*The data*:
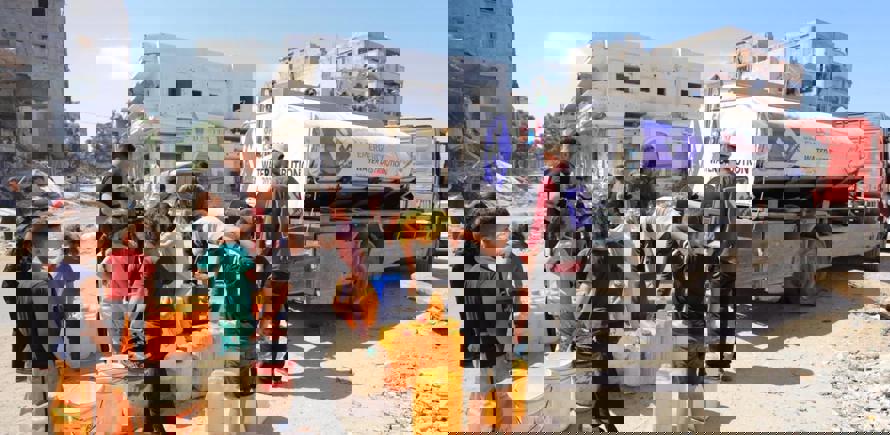 Agua potable en Gaza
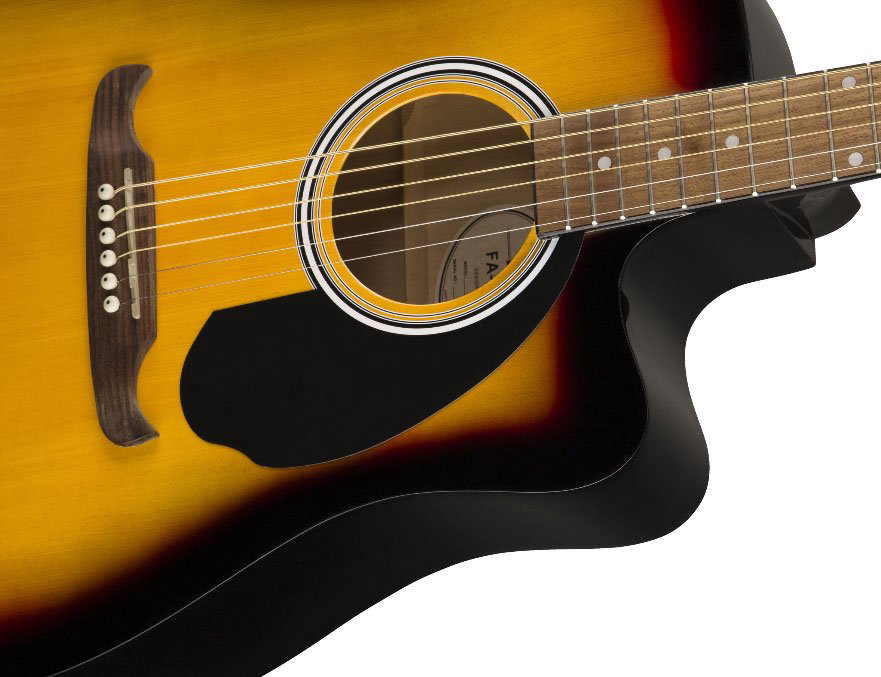 Электроакустическая гитара Fender FA-125CE Dreadnought Walnut Fingerboard sunburst коричневая купить,NaN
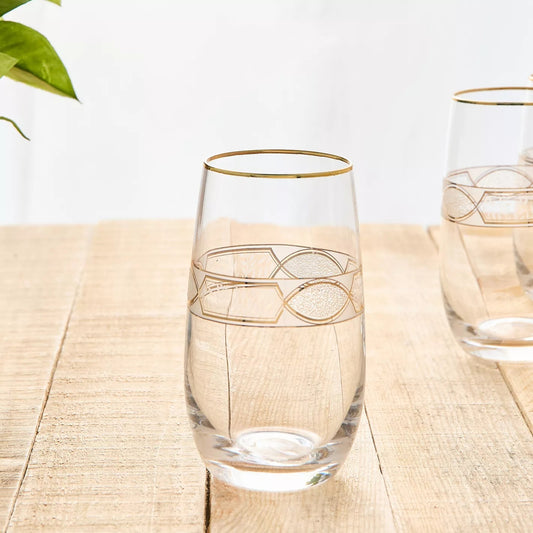 Faris 4-Piece Highball Glass Set - 400 ml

*Work required*:
A faithful, picture-free copy of the material is what this task asks for.

*Result of this task*:
 Agua potable en Gaza
 Электроакустическая гитара Fender FA-125CE Dreadnought Walnut Fingerboard sunburst коричневая купить,NaN
 Faris 4-Piece Highball Glass Set - 400 ml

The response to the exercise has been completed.